I think I see a way that requires nine, but it would be a real pain to describe and it sounds like ZenBeam already has me beat.
Here’s an illustration of my way of requiring nine colors. (Hopefully I didn’t mess it up.)
Start with a flat slab, and split it into four pieces as in the left most image. Each piece touches all the rest, so four colors are required.
Directly on top of this slab we can add a second slab, split into four convex pieces as shown in the middle image. (Notice the small green piece between the red and blue pieces, and also note that the red and blue pieces extend beyond the green piece so as to touch each other.) Each piece in the upper slab touches the other three in the upper slab and all four in the lower slab, so now four new colors are required, bringing the total to eight.

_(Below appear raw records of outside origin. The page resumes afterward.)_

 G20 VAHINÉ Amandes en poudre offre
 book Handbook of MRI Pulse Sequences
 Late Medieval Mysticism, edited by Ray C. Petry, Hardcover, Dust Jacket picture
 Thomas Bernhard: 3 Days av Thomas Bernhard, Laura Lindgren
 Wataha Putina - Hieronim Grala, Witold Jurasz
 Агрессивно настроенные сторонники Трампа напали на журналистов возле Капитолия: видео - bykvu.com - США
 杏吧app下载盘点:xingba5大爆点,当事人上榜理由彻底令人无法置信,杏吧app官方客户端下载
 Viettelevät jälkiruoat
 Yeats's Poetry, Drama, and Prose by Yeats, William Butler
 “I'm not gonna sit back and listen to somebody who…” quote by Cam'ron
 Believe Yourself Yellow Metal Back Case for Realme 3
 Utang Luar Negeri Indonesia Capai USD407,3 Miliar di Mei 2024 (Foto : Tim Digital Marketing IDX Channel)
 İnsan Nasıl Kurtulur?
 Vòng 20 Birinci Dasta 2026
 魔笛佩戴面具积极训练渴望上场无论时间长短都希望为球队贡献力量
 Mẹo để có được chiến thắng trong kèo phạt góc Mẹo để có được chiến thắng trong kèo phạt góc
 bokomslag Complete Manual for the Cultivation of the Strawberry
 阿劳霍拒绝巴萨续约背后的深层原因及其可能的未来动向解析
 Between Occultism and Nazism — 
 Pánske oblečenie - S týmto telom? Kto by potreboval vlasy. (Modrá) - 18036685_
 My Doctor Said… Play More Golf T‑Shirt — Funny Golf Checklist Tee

We can add a third slab directly below the original slab, as in the rightmost image. This slab touches all four pieces of our original slab. However, we want it to touch all four pieces of the top slab as well, so we change our original slab so that its top face is angled. That way, the pieces in our top most slab are slanted, and they can extend past the edge of the original (middle) slab to touch the bottom slab. [At first I was worried that the bottom slab might not be able to touch the small green piece, since it doesn’t extend as far. But if necessary we can make the top face of the brown bottom slab angled downwards after it extends past the original (middle slab), so that that the outer portion of the bottom slab is flush with the top slab.]